**What you are asked to do:**
Output everything in the data exactly, leaving the pictures out.

**Data block:**
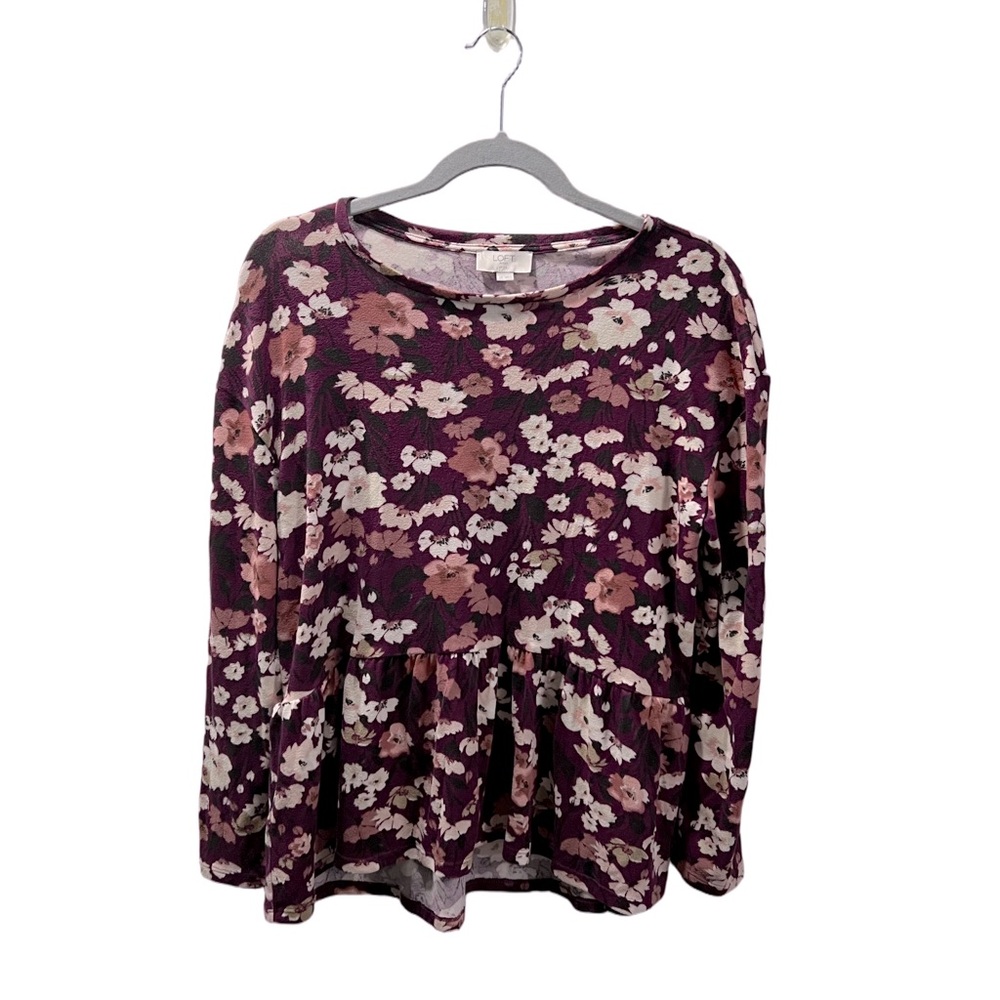 LOFT Outlet|Floral Blouse|Size Large Petite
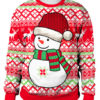 Christmas Oversized Printed Pullover Sweatshirt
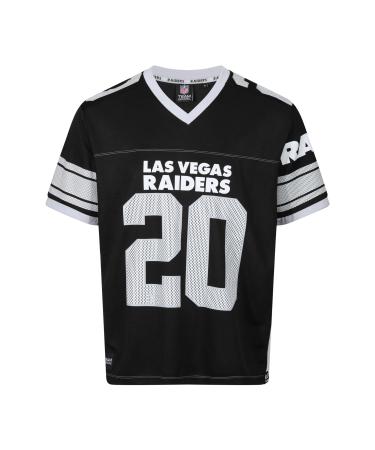 Recovered NFL T-Shirt Jersey Trikot American Football Fanshirt Teamlogo Number Summer Oversized 4XL Jersey-raiders-black-#33399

**Response area:**
 LOFT Outlet|Floral Blouse|Size Large Petite
 Christmas Oversized Printed Pullover Sweatshirt
 Recovered NFL T-Shirt Jersey Trikot American Football Fanshirt Teamlogo Number Summer Oversized 4XL Jersey-raiders-black-#33399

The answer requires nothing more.